Using the material below, repeat exactly the lines from the one with "Началникът на Пето" through the one with "Foto 3a10e4a4-c3fe-44c8-b0c8-8063411d3297. Casa", ends included, without any images.
Data extract START
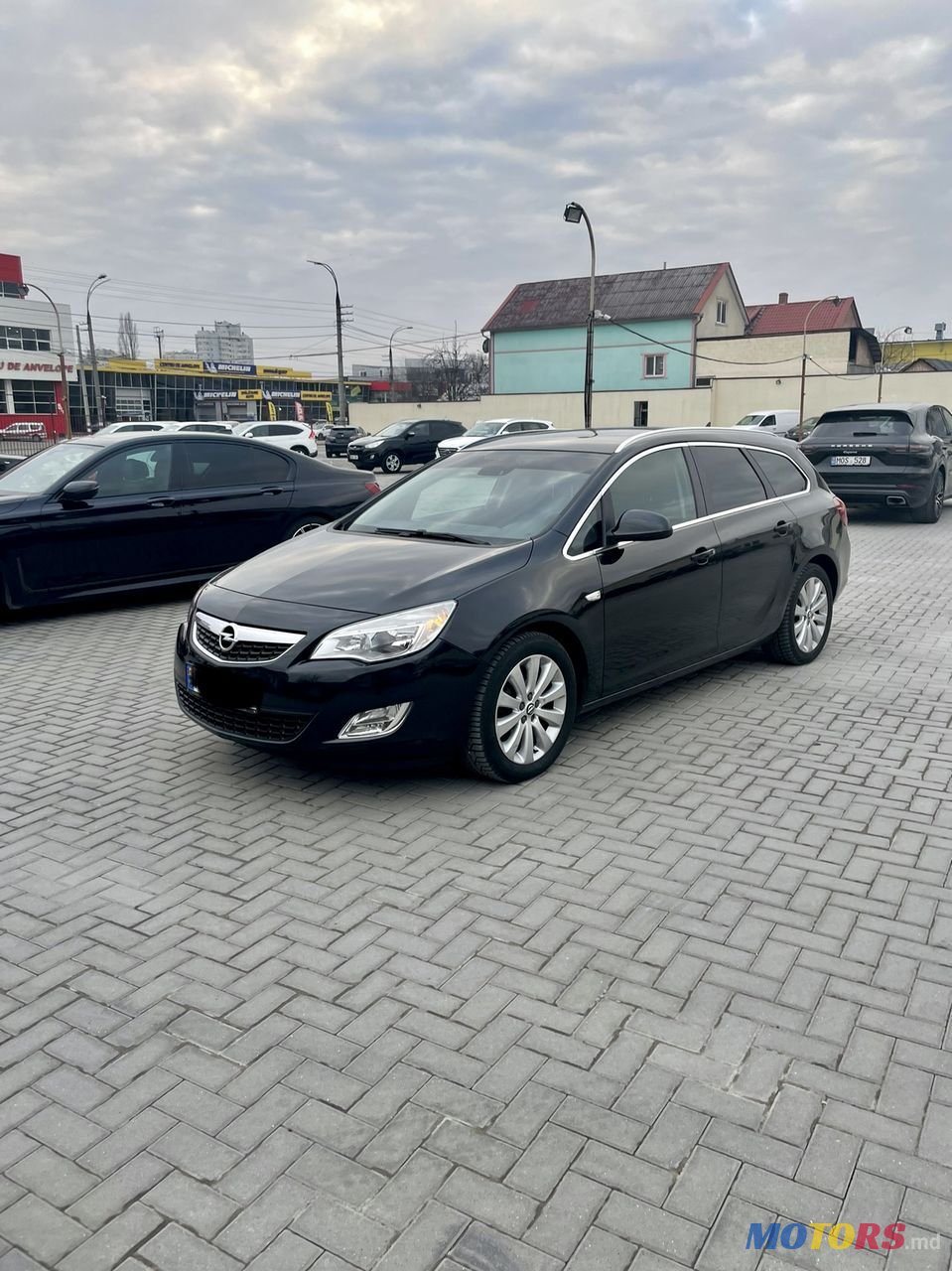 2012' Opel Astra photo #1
Data extract END
Data extract START
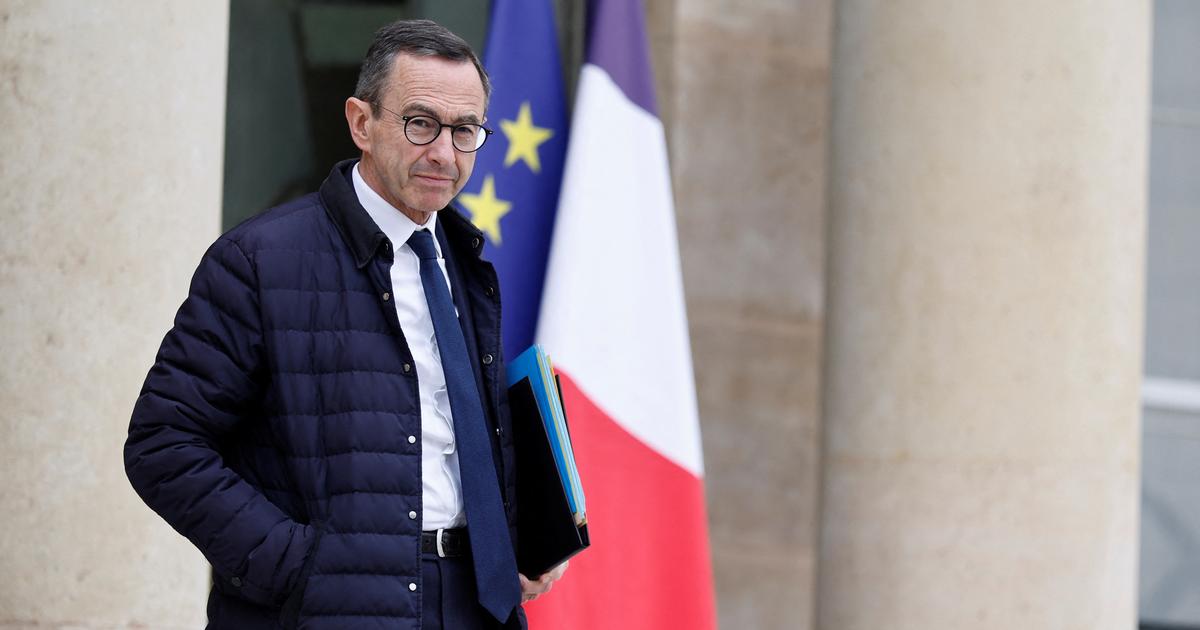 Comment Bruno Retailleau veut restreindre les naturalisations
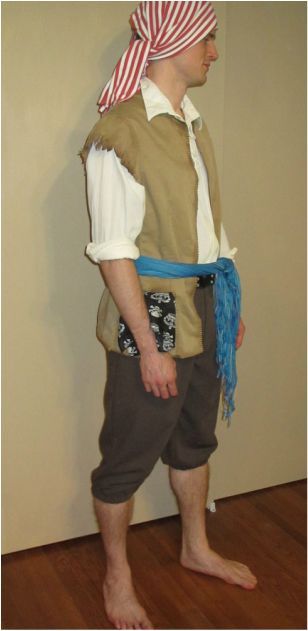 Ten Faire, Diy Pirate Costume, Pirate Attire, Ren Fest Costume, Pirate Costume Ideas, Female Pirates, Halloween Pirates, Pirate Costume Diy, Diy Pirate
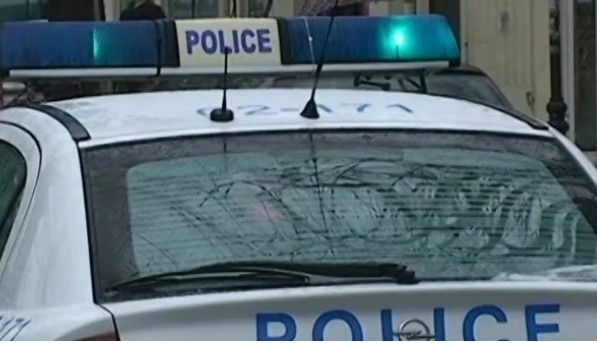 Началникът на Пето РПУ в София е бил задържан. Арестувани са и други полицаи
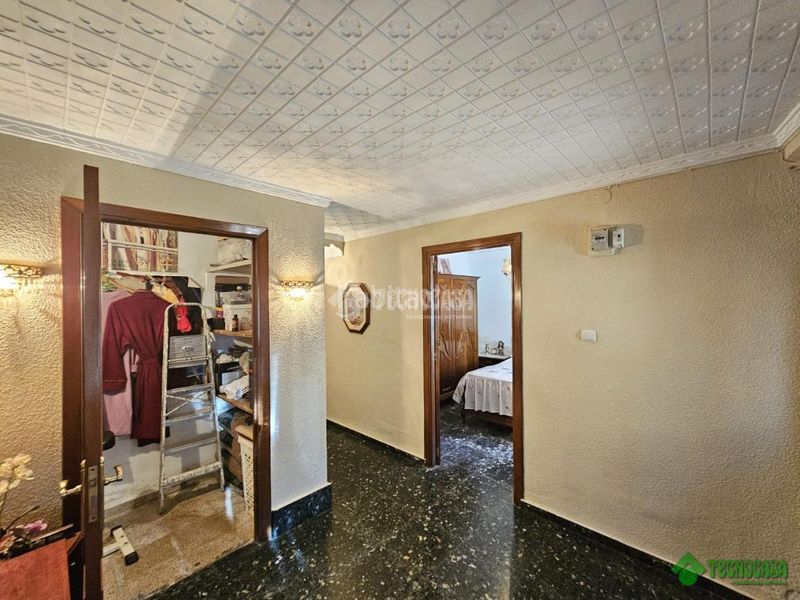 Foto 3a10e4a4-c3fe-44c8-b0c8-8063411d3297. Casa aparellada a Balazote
Data extract END
*Result:*
 Началникът на Пето РПУ в София е бил задържан. Арестувани са и други полицаи
 Foto 3a10e4a4-c3fe-44c8-b0c8-8063411d3297. Casa aparellada a Balazote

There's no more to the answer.